Newspapers are increasingly the medium by which the message is transmitted. The messages they produce are comment pieces, usually following the agenda of the paper itsel.f. They pump out material generated by others, rather than reporting news. This isn't true all the time, but surprisingly often it is.

Now, I'm fortunate. Having written a few press releases I know roughly what is and isn't PR material. I reckon I get an 80% hitrate. But most people are aware of the 'falseness' of news, but only subconciously. What I dont think people are aware of is exactly how calculated it is, or how little of what the read is actually news.

With the proliferation of new media news sources traditional sources look increasingly A) expensive B) dull. Why would I read a story about something that happened yesterday on a piece of dead tree and pay for it? I can get my Jordan news for free, thanks.

I could go onto the websites and take a look there, but the websites arent offering me anything which I can't get elsewhere. Personally I stay fairly well tuned in to the Guardian and Telegraph websites, I rather like them, and I can usually find what I'm looking for. Plus I can always find something on one or the other to annoy me when I need a little middle of the day rage based pick me up.

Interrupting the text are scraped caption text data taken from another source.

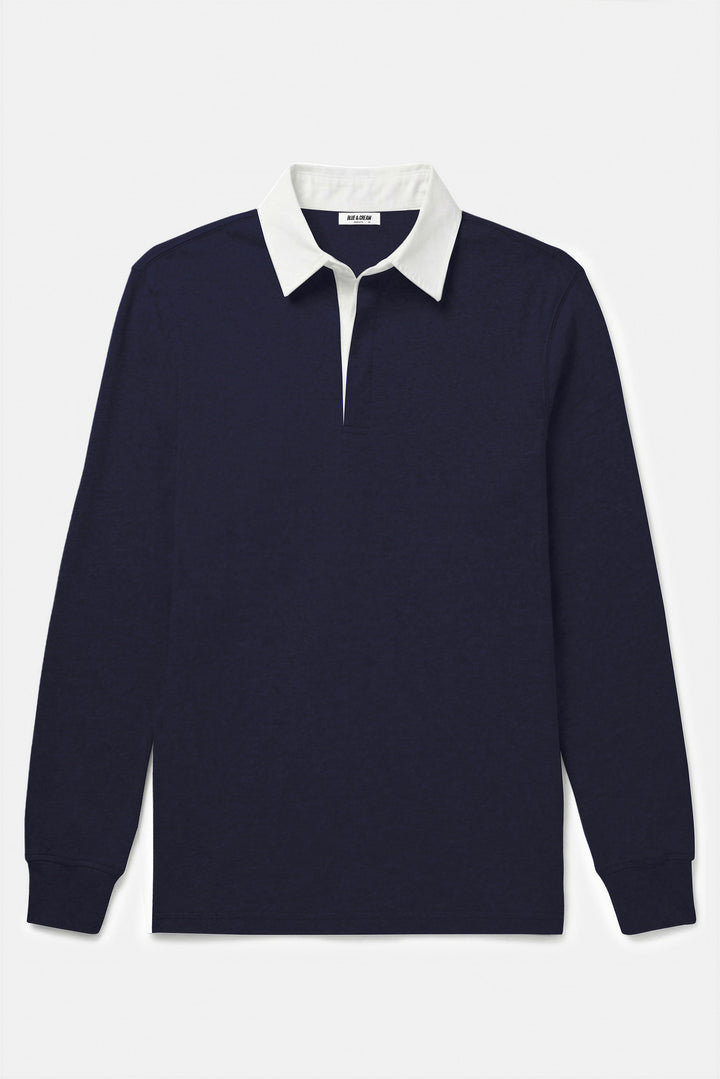 The Maseo Soft Rugby Navy/White Collar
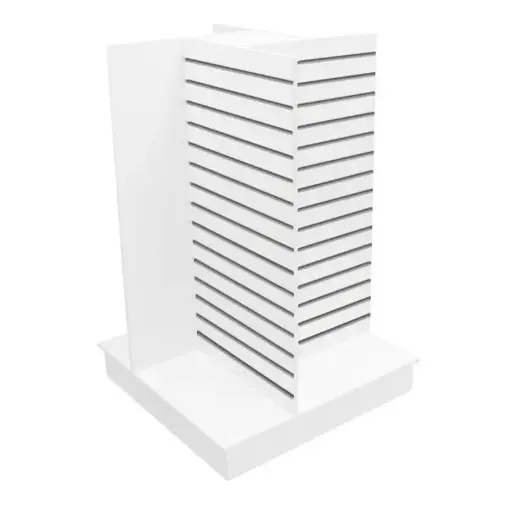 [SWD4CW-AL] Slatwall 4-Way Display w/ Alum Inserts - White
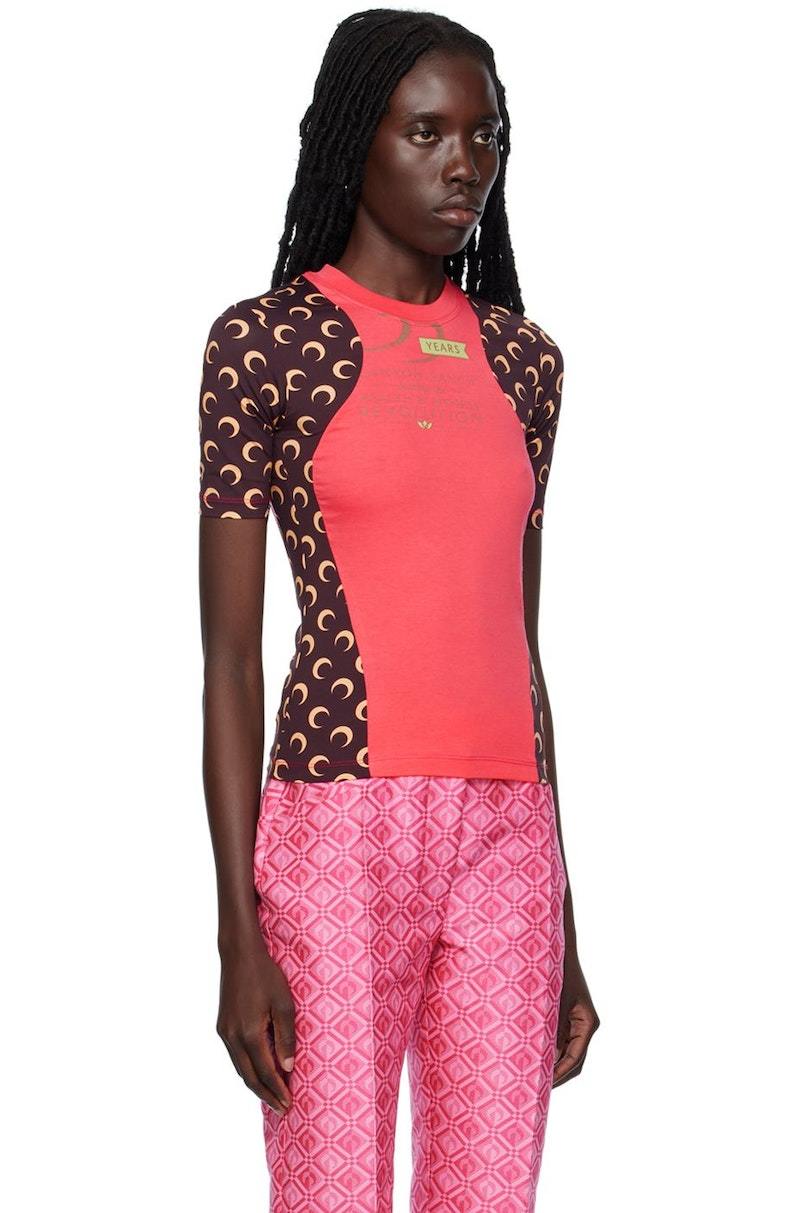 Marine Serre Paneled T-Shirt - Pink | Garmentory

But the old school journos have two things, access and experience. Unfortunately their access is too often granted from collusion and their experience is from rewriting press releases.

The thing I would pay for is news. Actual news. Things which shake society and redefine our relationship with power. Watergate, expenses (yes, it has happened in recent times), the tobacco industry expose on 60 minutes (limited though it was in many ways). I honestly think thats what more people would like to see. Remember the days when Parkinson would ask the same question a dozen times to get an answer? I miss those days.

Murdoch and others have to consider carefully what they are offering behind their paywalls. If its the same old thing, well I'll read that somewhere free, as will most people. The Telegraph can replace the Times, and I'll cheerily swap The Mirror or Mail for the Sun.

But if the formidable power of these institutions is to be redirected to true journalism, now that I'd pay for. That would be a truly unique service, one which I can't get from the blogs or any other source.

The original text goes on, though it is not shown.